START The data

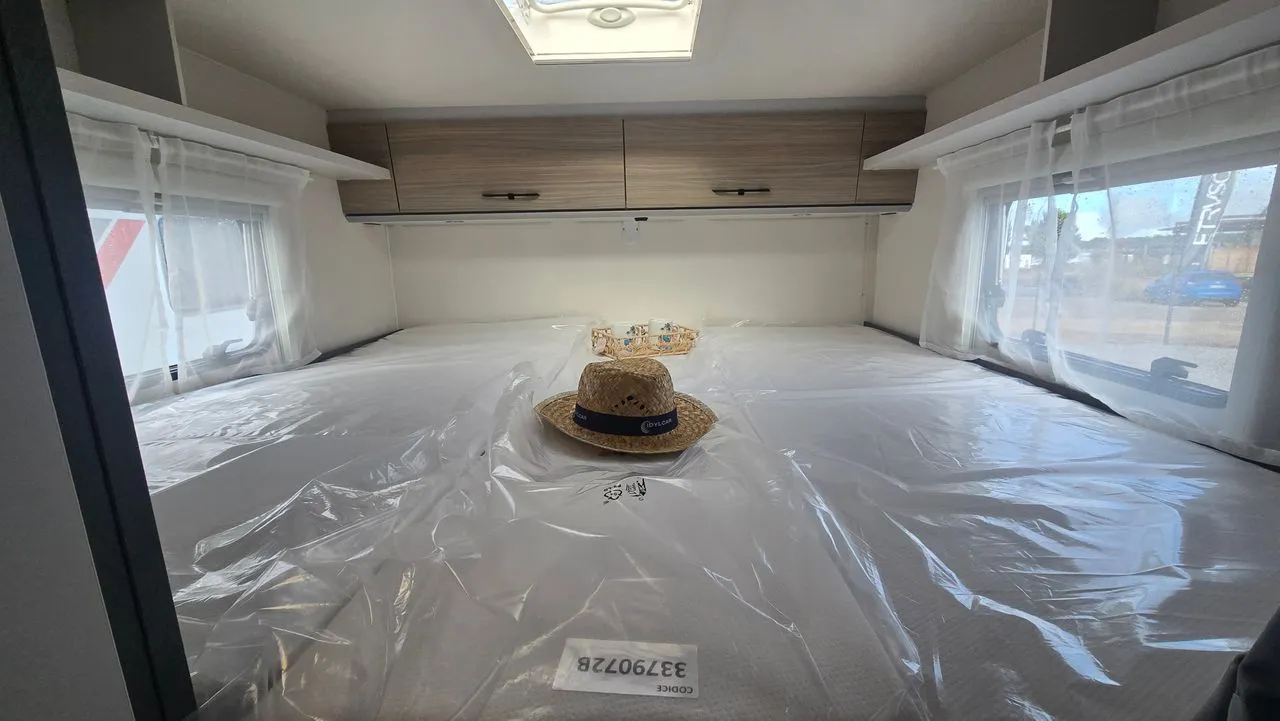 Camping-car - Etrusco - SLIM COMPACT lit jumeaux boite auto - 2026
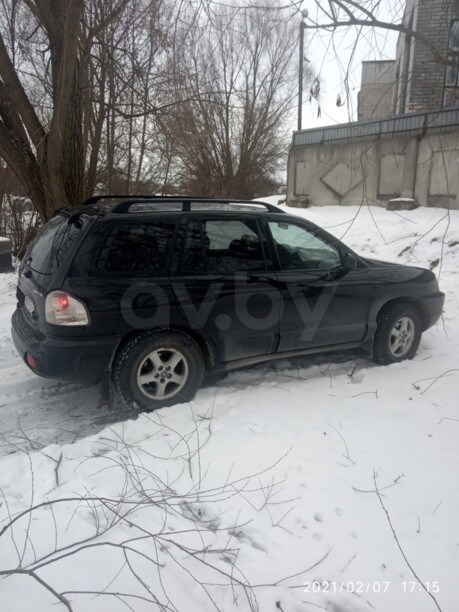 Hyundai Santa Fe SM, 5 мест, 2003 г.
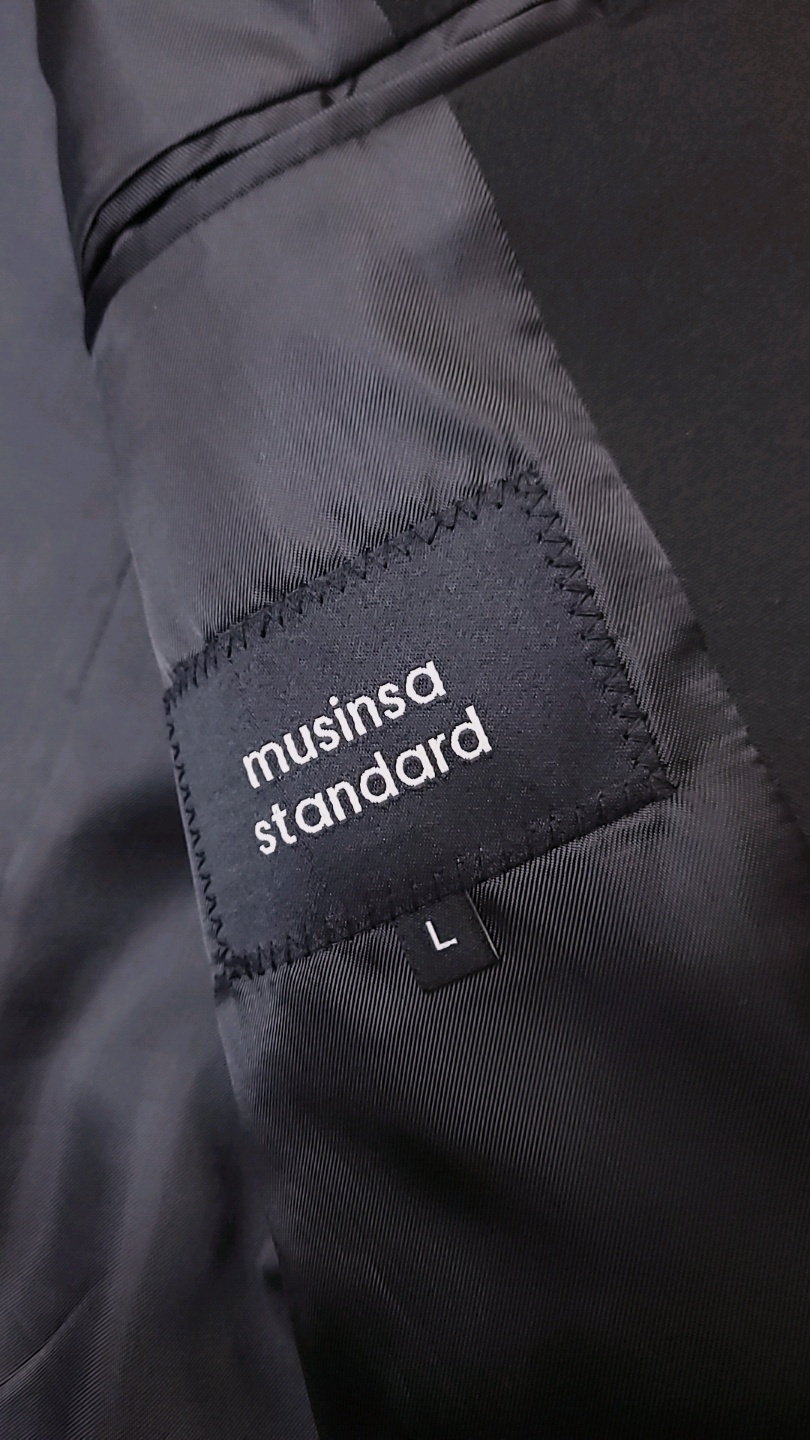 무신사 스탠다드 블레이져 L 상태좋음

END The data

Please output every line of the listing as it stands, and omit its images.

 Camping-car - Etrusco - SLIM COMPACT lit jumeaux boite auto - 2026
 Hyundai Santa Fe SM, 5 мест, 2003 г.
 무신사 스탠다드 블레이져 L 상태좋음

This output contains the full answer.